Namun alih-alih menjawab, Raven malah tersenyum miring. Kepalanya menunduk dan matanya mencari mata Kiana yang terus menatap ke bawah.
"Kenapa kamu masih saja sungkan, Kiana?"
"Bukannya kamarmu di sebelah? Kenapa ke sini?" tanya Kiana lagi di tengah rasa takutnya. Dia terus menunduk, menghindari tatapan Raven.
"Aku mengantar baju-bajumu yang lupa kamu bawa."
Sekuat hati Kiana mencoba tidak gentar di situasi ini. Dia tidak boleh lemah atau pun lengah lagi. Namun, ternyata hatinya tidak sekuat pikirannya.
"Oke, terima kasih. Kamu boleh keluar sekarang."
"Hanya itu? Kamu nggak mau memberiku reward sebagai tanda terima kasih?"
Ya Tuhan! Tolong, pergi saja! Kaki Kiana sudah terasa lemas. Tangannya kian erat meremas ujung handuk.
Raven menarik paksa dagu wanita itu, hingga wajah mereka saling berhadapan satu sama lain. Bersamaan dengan itu jantung Kiana berdetak makin kencang.
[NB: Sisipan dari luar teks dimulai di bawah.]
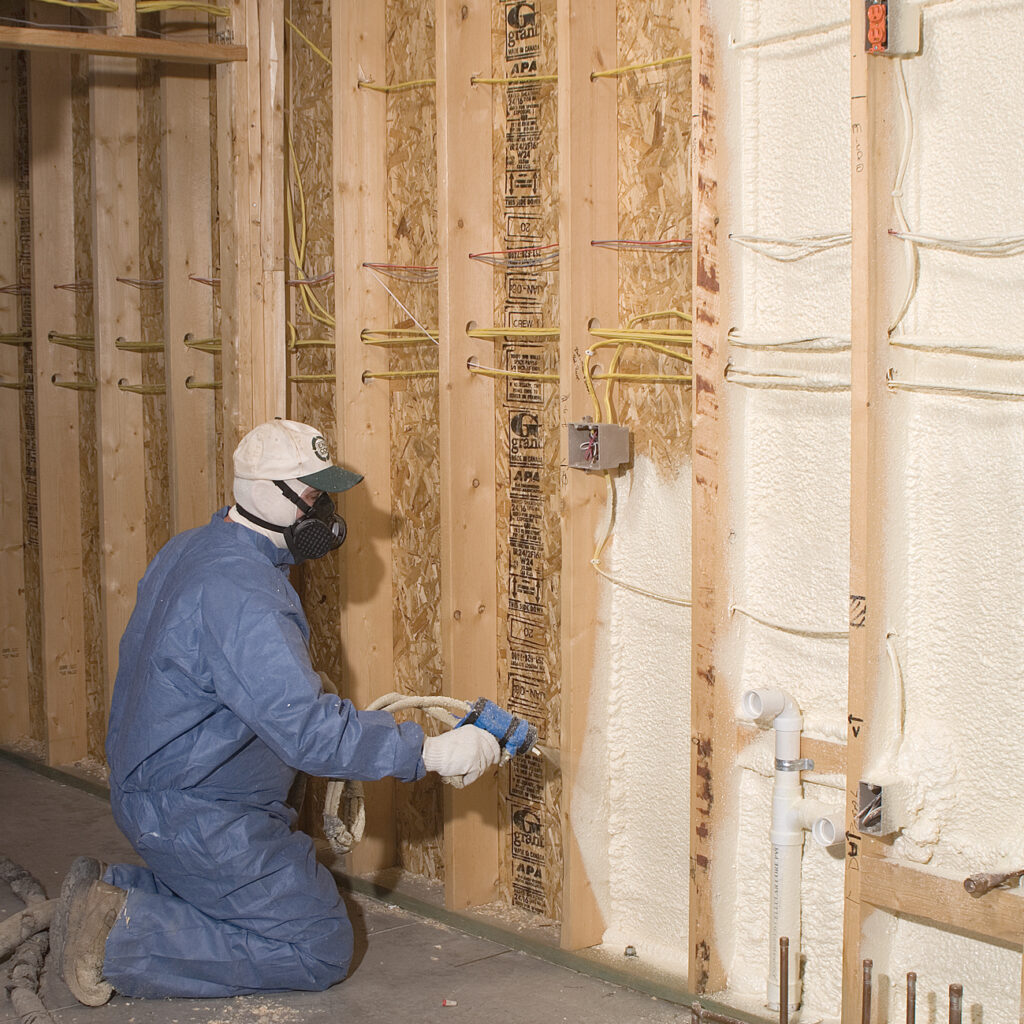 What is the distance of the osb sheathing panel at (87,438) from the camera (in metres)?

Ketika pria itu menunduk untuk menjangkau bibirnya, Kiana dengan segera membuang muka. Perbuatan kurang ajar Raven sontak saja menemui kegagalan.
"Tolong, kamu keluar," ucap Kiana pelan. Matanya menutup rapat, sementara napasnya sudah seperti mau putus. Dan sebuah kecupan yang mendarat di bahunya dengan tiba-tiba, sontak membuat dirinya berjengit kaget. "Kamu—"
"Harusnya reward-ku lebih dari ini," ujar Raven seraya melangkah mundur. Dia tidak sadar kalau Kiana di depannya sudah ingin pingsan saja. "Istirahat yang cukup," pungkasnya sebelum keluar dari kamar Kiana.
Sementara di posisinya, Kiana terserang syok luar biasa begitu Raven menghilang dari pandangan. Kakinya tidak bisa sempurna menopang tubuhnya yang bergetar, hingga dia jatuh merosot ke lantai. Dia meraba bahunya yang terasa panas akibat sentuhan kurang ajar itu. Hanya kecupan ringan, tapi sanggup membuatnya menggigil dan ketakutan.